Die vom LBA angenommene Gefahr, ein Prüfling könnte in der Prüfung nur blind auswendig gelernte Antworten aus dem Prüfungsvorbereitungsbuch abgeben, anstatt tatsächlich vorhandenes Wissen anzuwenden, wird im Übrigen dadurch reduziert, dass das Prüfungsbuch über 2.809 Seiten verfügt, die jeweils durchschnittlich vier Fragen enthalten, mithin insgesamt über 10.000 Fragen. Die beanstandeten Fragen tauchen darin auch nicht in derselben Reihenfolge auf wie in den Prüfungsbögen der Antragstellerin, sondern sind auf mehrere Dutzend Seiten verteilt. In einzelnen Fällen sind in den betroffenen Fragen zudem die Auswahlmöglichkeiten (A, B, C) vertauscht gegenüber der Vorlage im Prüfungsbuch. Selbst wenn es dennoch faktisch möglich wäre, sämtliche Prüfungsfragen aus dem Vorbereitungsbuch auswendig zu lernen, wäre damit zum einen ein erheblicher Lerneffekt verbunden. Zum anderen könnte der Prüfling so trotzdem nicht sicherstellen, die Prüfung bei der Antragstellerin zu bestehen, da nach den stichprobenartigen Kontrollen des LBA nur ein Teil der Prüfungsfragen aus dem Vorbereitungsbuch übernommen worden ist. So waren etwa in dem komplett kontrollierten Prüfungssatz M7 CAT B1 V3 18 nur 34 von 80, also nicht einmal die Hälfte der Fragen betroffen. Dies ist nicht vergleichbar mit einer Situation, in der die Prüfungsbögen selbst bekannt werden, weil sie nicht sicher aufbewahrt worden sind.

Angesichts des Fehlens einer Beanstandung ist die aufschiebende Wirkung auch wiederherzustellen hinsichtlich der Ziffer 3 des angefochtenen Bescheides, mit der die Aufrechterhaltung der Genehmigung als Ausbildungsbetrieb daran geknüpft wird, dass die Antragstellerin die Auflagen erfüllt, einen geeigneten Präventions- und Maßnahmenplan vorzulegen und das Verfahren zur Durchführung von Prüfungen im MTOE zu ändern.

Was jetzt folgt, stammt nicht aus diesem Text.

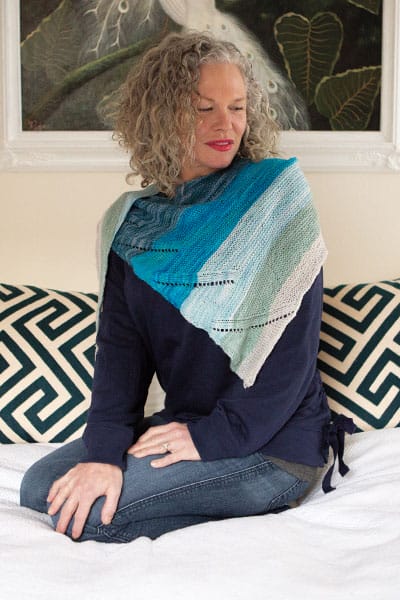 The Breakers Shawlette by Jenny Williams. A model sits on a bed wearing a knitted shawl with a variety of blue shades fading across it.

Die Kostenentscheidung beruht auf § 154 Abs. 1 VwGO.

Die Entscheidung über die vorläufige Vollstreckbarkeit ergibt sich aus § 167 VwGO i. V. m. §§ 708 Nr. 11, 711 ZPO.

Die Festsetzung des Streitwertes erfolgt gemäß § 53 Abs. 2 Nr. 2 i. V. m. § 52 Abs. 2 GKG. Weil sich aus dem Vortrag der Antragstellerin keine konkreten Anhaltspunkte für die Höhe ihres finanziellen Verlusts durch die angefochtene Anordnung ergeben, hat die Kammer den Auffangstreitwert gewählt und diesen im Hinblick auf die Vorläufigkeit des begehrten Rechtsschutzes halbiert (Nr. 1.5 des Streitwertkatalogs für die Verwaltungsgerichtsbarkeit).